Broad Bean

Radish and Broad Bean Salad

  • 500g shelled broad beans (fresh or frozen)
  • 300g small radishes
  • 1/2 red onion, very thinly sliced
  • 2tbsp chopped coriander
  • 30g preserved lemon, (or just use some of the zest)
  • juice of 1 lemons
  • 2 tbsp chopped flat leaf parsley
  • 3tbsp olive oil
  • 1 tsp ground cumin
  • 200ml Green tahini sauce
  • 4 pita breads
Green Tahini Sauce
  • 150ml tahini
  • 150ml water
  • 80ml lemon juice
  • 2 garlic cloves, crushed
  • 1/2 tsp salt
  • 30g flat-leaf
Place the broad beans in a pan of boiling water and simmer 1-2 minutes.  Drain through a large colander and rinse in plenty of cold water to refresh them.  Remove the beans from their skins, or you can eat them with their skins on.  

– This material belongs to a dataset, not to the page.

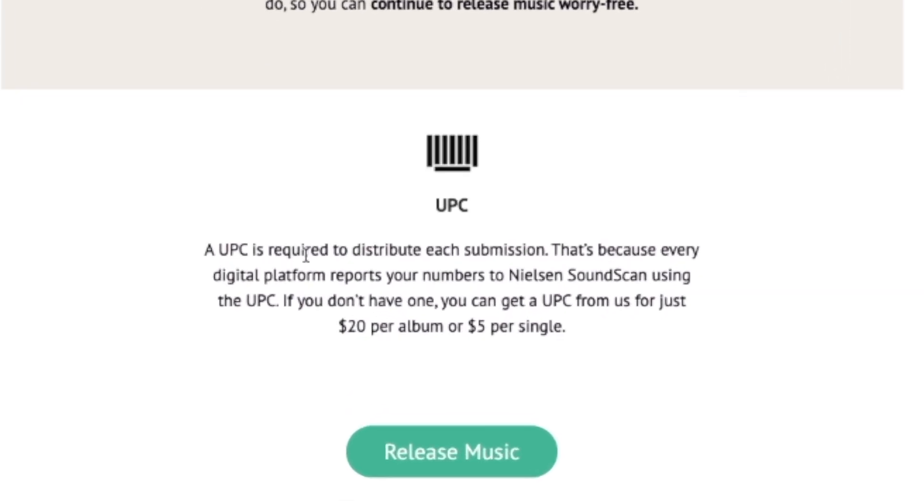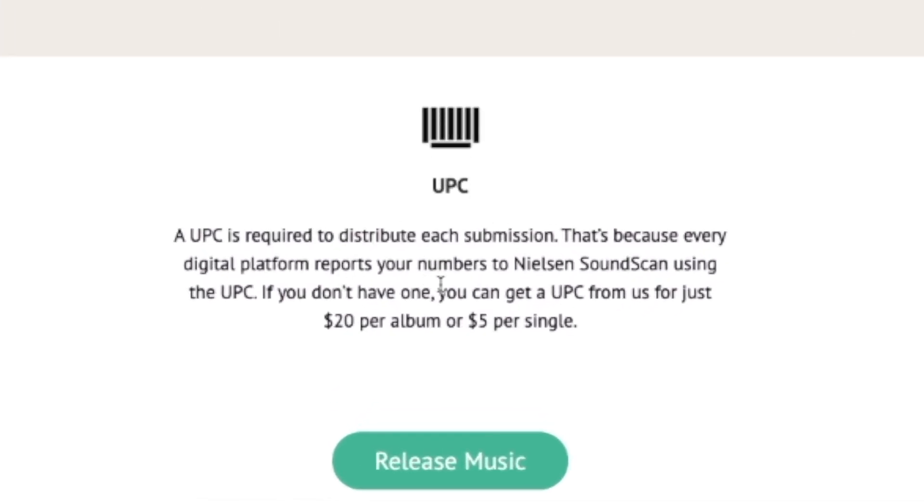Another difference is the UPC code. CD Baby requires one for every release and charges $20 per album or $5 per single. With TuneCore, the UPC is never really even mentioned because it's included in what you're already paying. So that $10 a year for a TuneCore single — keeping 100% of royalties — has the UPC code baked in.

Slice the radishes and mix with the broad beans, onion, coriander, lemon juice and preserved lemon, parsley, olive oil and cumin.  Season with salt and pepper to taste.
 
To make the sauce:
Whisk tahini, water, lemon juice, garlic and salt together to make a smooth creamy mixture.  Add more water if too thick.  Stir in chopped parsley, taste and add salt if necessary.  If you prefer a sweeter taste then add a squeeze of honey.
To serve, pile a mound of salad in one corner of each serving plate, pour tahini sauce into a small bowl and serve with pita and salad.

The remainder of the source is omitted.